Given information
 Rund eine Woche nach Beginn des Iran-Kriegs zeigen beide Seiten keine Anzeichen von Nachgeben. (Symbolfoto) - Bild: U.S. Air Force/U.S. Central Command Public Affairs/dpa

==

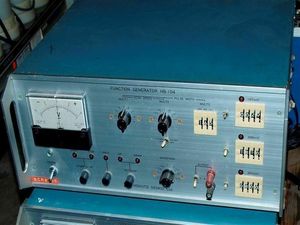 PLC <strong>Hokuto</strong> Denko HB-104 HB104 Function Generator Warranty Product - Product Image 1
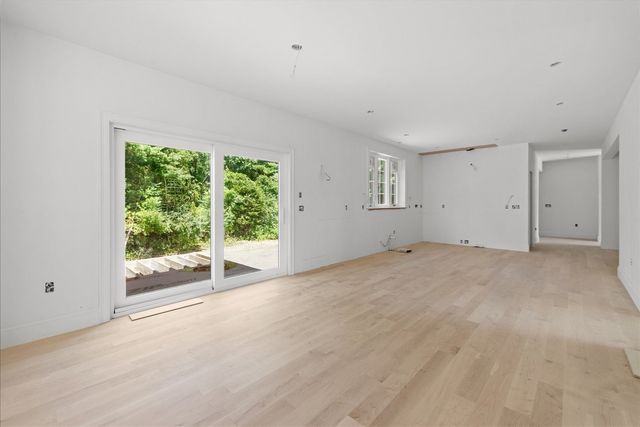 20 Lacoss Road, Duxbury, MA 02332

...

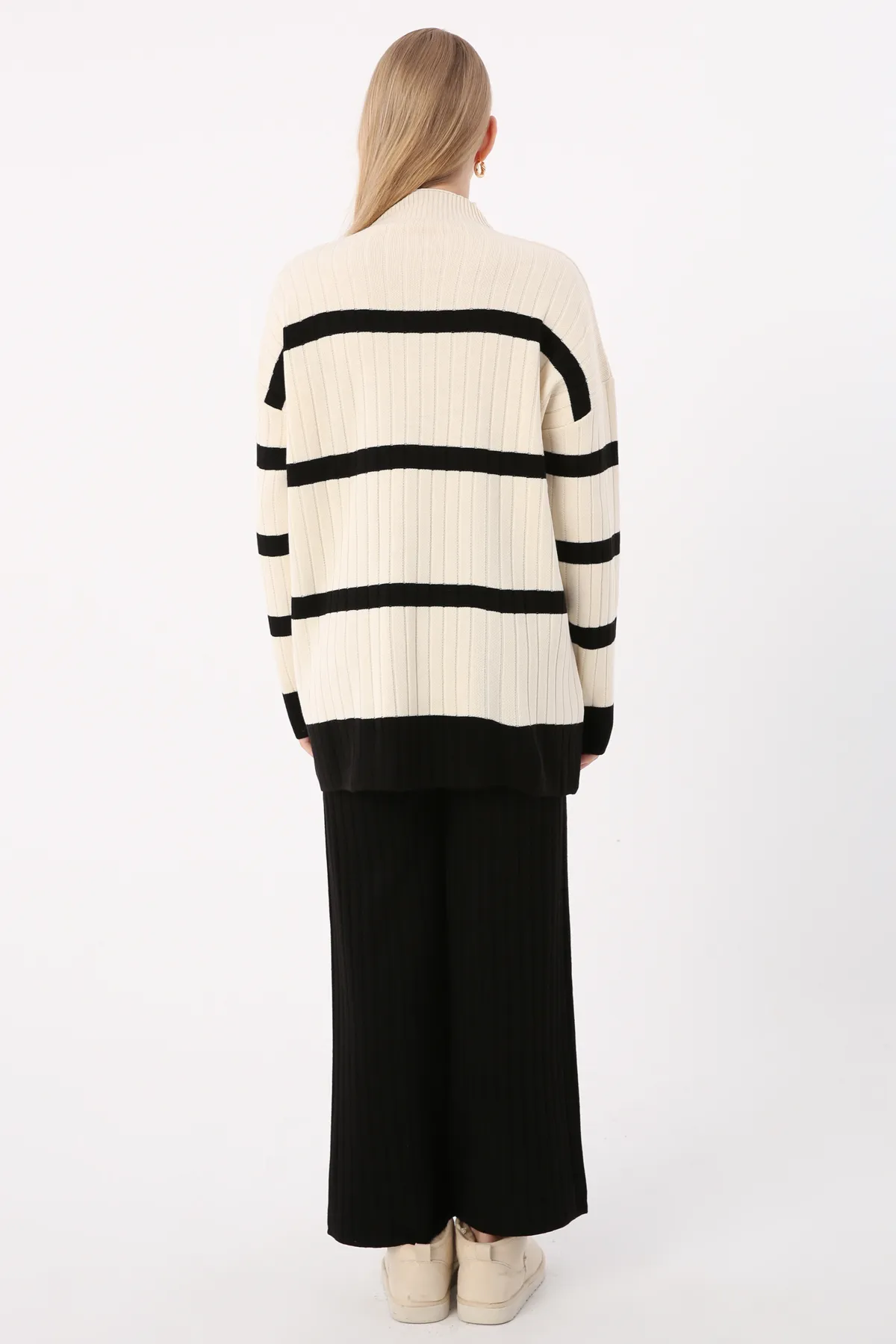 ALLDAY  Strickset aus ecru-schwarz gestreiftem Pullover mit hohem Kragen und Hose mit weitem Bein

Your objective
Each line above starting at the one holding "PLC <strong>Hokuto</strong> Denko" and ending at the one holding "20 Lacoss Road, Duxbury, MA 02332" should be set down exactly as it stands, both ends included, with no pictures.

Your response
 PLC <strong>Hokuto</strong> Denko HB-104 HB104 Function Generator Warranty Product - Product Image 1
 20 Lacoss Road, Duxbury, MA 02332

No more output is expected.